Я заметил, что Великий Паблито, Паскуаль и доктор Ребаглиати обменялись насмешливыми взглядами, но Педро Камачо будто ничего не видел. После минутного молчания он добавил:
— Развлекайтесь, коллеги, я мысленно буду с вами.
— И смотрите не подведите меня еще раз — он будет последним, — предупредил его доктор Ребаглиати, когда писака уже исчезал за ширмой.
Еще не утихли шаги Педро Камачо — он, видимо, только приближался к выходу на улицу, — как Паскуаль, Великий Паблито и доктор Ребаглиати взорвались хохотом, они подмигивали друг другу, корчили рожи, тыча пальцами в ту сторону, куда вышел писака.
— Он не так глуп, как хочет казаться. А прикидывается, чтобы скрыть свои рога! — воскликнул с улыбкой доктор Ребаглиати. — Каждый раз, когда он говорит о своей супруге, мне ужасно хочется ему сказать: перестань называть артисткой ту, которую у нас попросту именуют стриптизеркой последней категории.
— Даже представить себе трудно, до чего она безобразна, — проговорил Паскуаль, изображая ребенка, увидевшего бяку. — Старая, толстенная, раскрашенная, с обесцвеченными патлами аргентинка. Она выкрикивает слова танго, полуголая, в «Мезанине», ночном притоне для нищих.
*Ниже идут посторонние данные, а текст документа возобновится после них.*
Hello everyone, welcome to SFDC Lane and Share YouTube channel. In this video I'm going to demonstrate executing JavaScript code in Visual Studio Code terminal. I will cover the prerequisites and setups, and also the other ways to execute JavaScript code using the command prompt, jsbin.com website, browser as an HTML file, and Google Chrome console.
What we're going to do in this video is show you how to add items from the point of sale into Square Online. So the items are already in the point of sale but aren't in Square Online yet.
— Заткнитесь, не будьте такими неблагодарными! Вы ведь оба с ней переспали, — сказал доктор Ребаглиати. — Да и я попользовался!
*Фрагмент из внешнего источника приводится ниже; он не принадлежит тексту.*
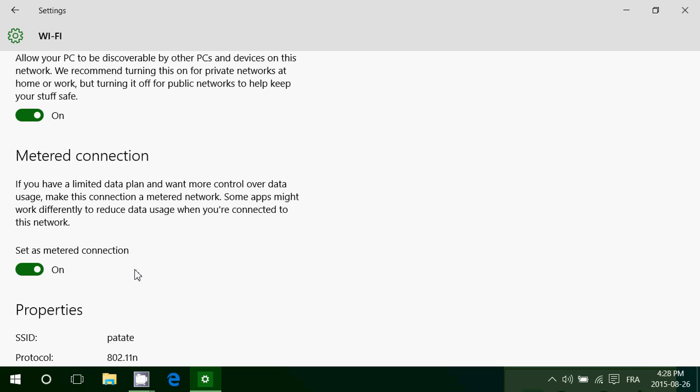So what you could do is turn on the metered connection. And when you see updates are available, you wait. And as long as you're on the metered connection on, it doesn't download the updates.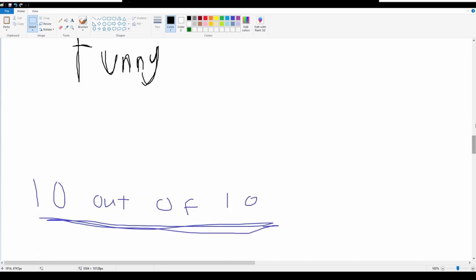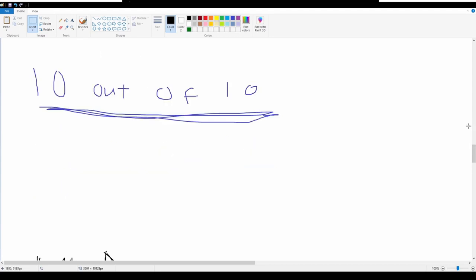I have to give it a 10 out of 10. It just, it's just so good. It's just so good.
— Певица, какая там певица! Обыкновенная проститутка! — воскликнул с горящими глазами Великий Паблито. — Слово даю. Я заглянул в «Мезанин» посмотреть на нее, после шоу она сама подошла ко мне и предложила за двадцатку оказать любую услугу… Нет, голубушка, думаю! Слишком ты стара. Ни за двадцатку, ни даже если сама мне приплатишь. Старуха, беззубая старуха, дон Марио!
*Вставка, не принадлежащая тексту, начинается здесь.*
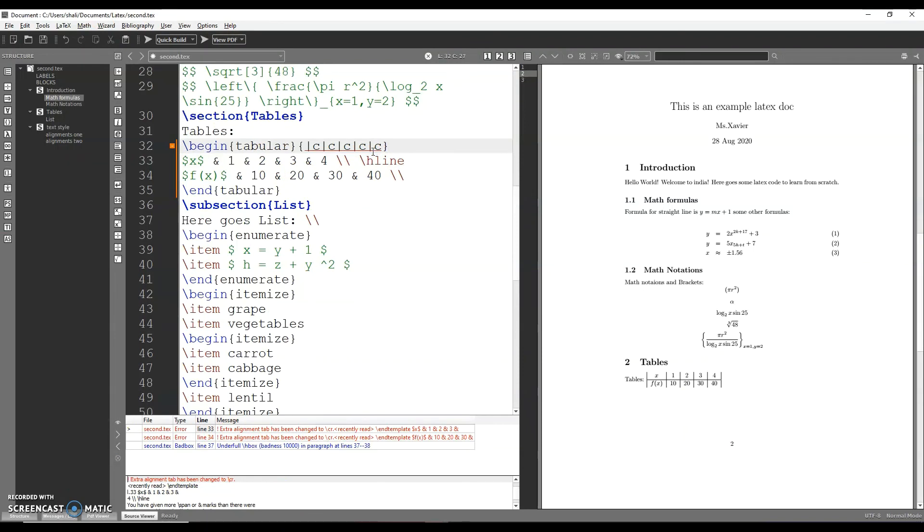If you want to make an error in line 34, you will have an error. If you want to make an error in line 33, the extra alignment tab is changed.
— Они уже давно женаты, — говорил Паскуаль, застегивая рукава рубашки и надевая пиджак и галстук. — Поженились еще в Боливии, перед отъездом Педрито в Лиму. Кажется, она его бросила и пошла по рукам. И снова они сошлись, когда случилась вся эта история с домом для умалишенных. Поэтому он и твердит все время, какая она самоотверженная женщина, она пришла к нему, когда он был сумасшедшим.
— Он благодарен ей, как собака, ведь она его кормит, — поправил доктор Ребаглиати. — Ты думаешь, они могут прожить на то, что зарабатывает Камачо, принося уголовную хронику из полицейских комиссариатов? Он кормится на заработок проститутки — не будь ее, он бы уже давно заболел туберкулезом.